Human Rights Watch (HRW) is calling on the Tanzanian government to curb child labour in small-scale mining, including at informal, unlicensed mines, and says the World Bank and donor countries should support these efforts. HRW's 96-page report, Toxic toil: Child labour and mercury exposure in Tanzania's small-scale gold mines, describes how thousands of children work in licensed and unlicensed small-scale gold mines in Tanzania, Africa's fourth-largest gold producer.
HRW interviewed more than 200 people, including 61 children working in small-scale gold mining. They found child workers dig and drill in deep, unstable pits, work underground for shifts of up to 24 hours, and transport and crush heavy bags of gold ore. Children risk injury from pit collapses and accidents with tools, as well as long-term health damage from exposure to mercury and dust, and carrying heavy loads.
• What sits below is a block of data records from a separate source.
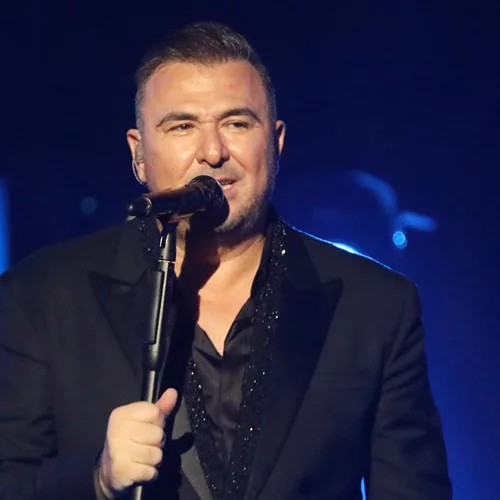 Αντώνης Ρέμος | "Έχω την καλύτερη άποψη για τον πατέρα Αντώνιο"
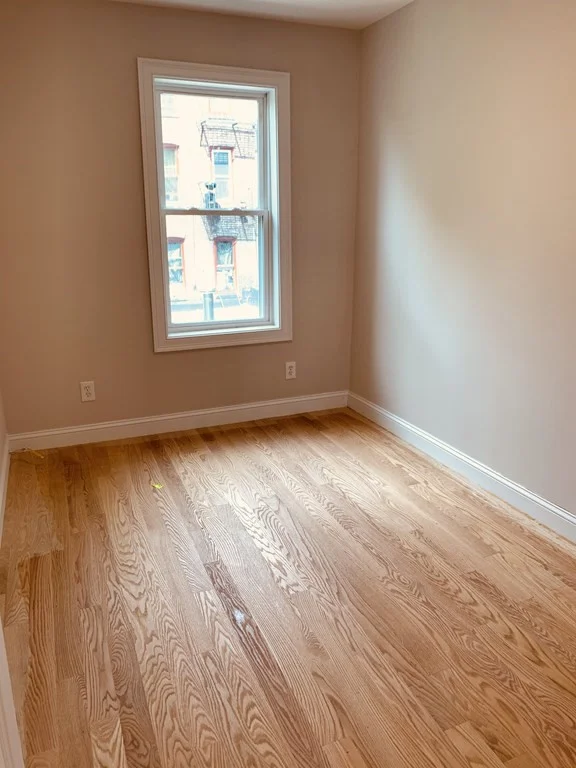 4 bed, 1 bath apartment for rent at 7 Warwick St Unit 3, Mission Hill — photo 9 of 10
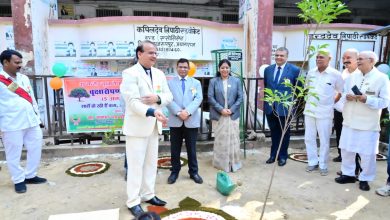 Prayaagraj News :माननीय जनपद न्यायाधीश ने कार्यक्रम में उपस्थित लोगों को एकता, अखंडता, संप्रभुता एवं आजादी के महत्व के बारे में बताया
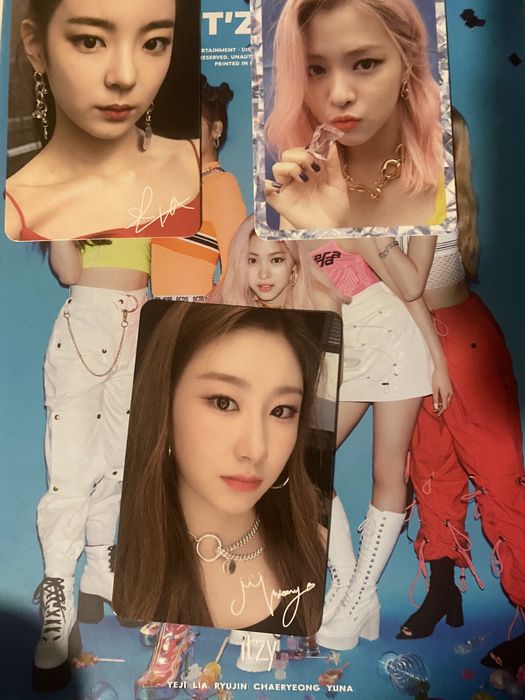 Itzy Album(IT’z & ICY ver)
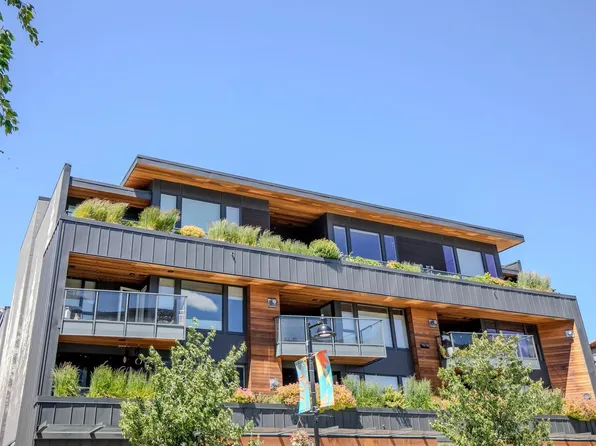 38165 Cleveland Ave #303, Squamish, BC V8B 0A6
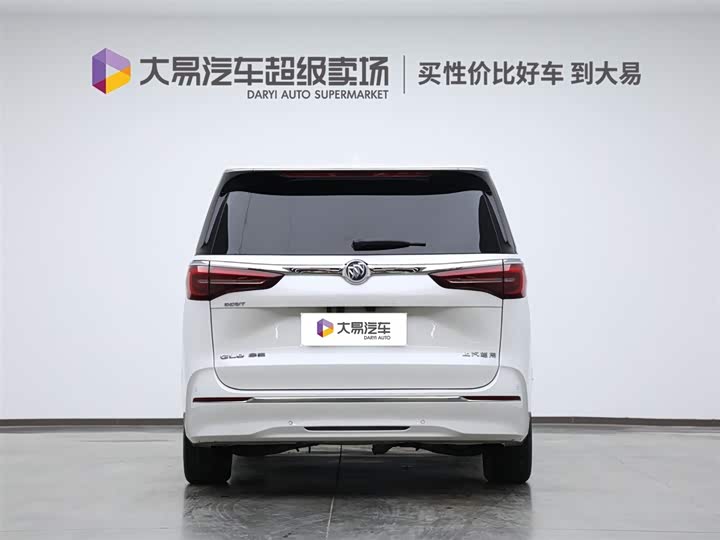 Фото 4 - Buick GL8 ES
“Tanzanian boys and girls are lured to the gold mines in the hopes of a better life, but find themselves stuck in a dead-end cycle of danger and despair,” said Janine Morna, children's rights research fellow at HRW. “Tanzania and donors need to get these children out of the mines and into school or vocational training.” HRW says child labourers, as well as children living near mining sites, are at serious risk of mercury poisoning. Miners mix mercury with crushed ground ore and burn the resulting gold-mercury amalgam to release the gold, exposing them to poisonous mercury fumes. Even small children who are not working are often present during this process, which is sometimes carried out in the home.
The gold industry has a responsibility to ensure it does not benefit directly or indirectly from unlawful child labour, HRW notes. Yet most gold traders it interviewed in Tanzania had no procedures to keep gold mined by children out of their supply chains. “As those with the buying power, gold traders have leverage over their suppliers,” Morna said. “They should use it to protect children and to protect consumers from buying gold tainted by child labour.”
Gold standard
Children as young as eight years old are working in Tanzanian small-scale gold mines, with grave risks to their health and even their lives, an investigation has discovered.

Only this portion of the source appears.